Belki bu yaşlı hanım, Hong Kongun 1950lerdeki ilk altın çağını anımsar.
Maybe this old lady can remember Hong Kong's first movie golden age: the 1950s.
Yaşlı hanımlara ne yaparsın?
What do you do to old ladies?
Hey, yaşlı hanımına söyle onunla bu şekilde konuşamaz.
Hey, tell your old lady not to talk to her that way.
İki yaşlı hanım.
Two old ladies.
Metrodaki yaşlı hanım dışında. Para için break dans yapıyordu.
Except for the old lady on the subway who break-dances for nickels.
O tarafta iki yaşlı hanım yaşıyor sanıyordum ben.
I think two old ladies live on that side.
Daha çok yaşlı hanımların çiçeğidir.
It's more of an old lady flower.
O yaşlı hanım beni başka bir yakışıklıyla karıştırmıştır.
That old lady must have me confused with some other good-looking guy.
Buradaki yaşlı hanımların perukları var.
Old ladies have got wigs here.
O yaşlı hanım Bay Hectorun başına dert açmaya çalışıyor.
I think that old lady is trying to make trouble for Mr. Hector.
Hayır, yaşlı hanımları uyarmaya geldik.
No, we came to wan the old ladies.
Belki de Nashin öldürdüğü yaşlı hanım, birinin sevgili büyükannesiydi.

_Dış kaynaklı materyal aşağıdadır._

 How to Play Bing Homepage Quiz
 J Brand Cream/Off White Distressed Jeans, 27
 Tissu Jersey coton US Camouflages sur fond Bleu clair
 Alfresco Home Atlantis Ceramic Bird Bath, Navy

Maybe that old lady that Nash snuffed was somebody's loving granny.
Şu briç yaşlı hanımları mahvetmede… cinden de beter.
That new bridge game is worse than the gin when it comes to the ruination of old ladies.

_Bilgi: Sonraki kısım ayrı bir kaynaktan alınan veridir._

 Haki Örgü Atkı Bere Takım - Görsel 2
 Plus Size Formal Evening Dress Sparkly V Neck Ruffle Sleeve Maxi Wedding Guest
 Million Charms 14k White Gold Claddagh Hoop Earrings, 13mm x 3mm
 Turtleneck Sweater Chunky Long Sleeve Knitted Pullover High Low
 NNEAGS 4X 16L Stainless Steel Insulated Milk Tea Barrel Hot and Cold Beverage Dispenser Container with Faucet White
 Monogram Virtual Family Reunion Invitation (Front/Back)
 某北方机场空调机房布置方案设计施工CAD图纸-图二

Müsaadenizle. Yaşlı hanım geliyor.
Excuse me. Old lady coming through.
Mesele yaşlı hanımları güzel göstermek değil mi?
Isn't it about making old ladies look good?
Ben sadece yaşlı hanımlara karşı kibar olmaya çalışıyordum.
I was only trying to be polite to the old ladies.
Belki bu yaşlı hanım, Hong Kongun 1950lerdeki ilk altın çağını anımsar.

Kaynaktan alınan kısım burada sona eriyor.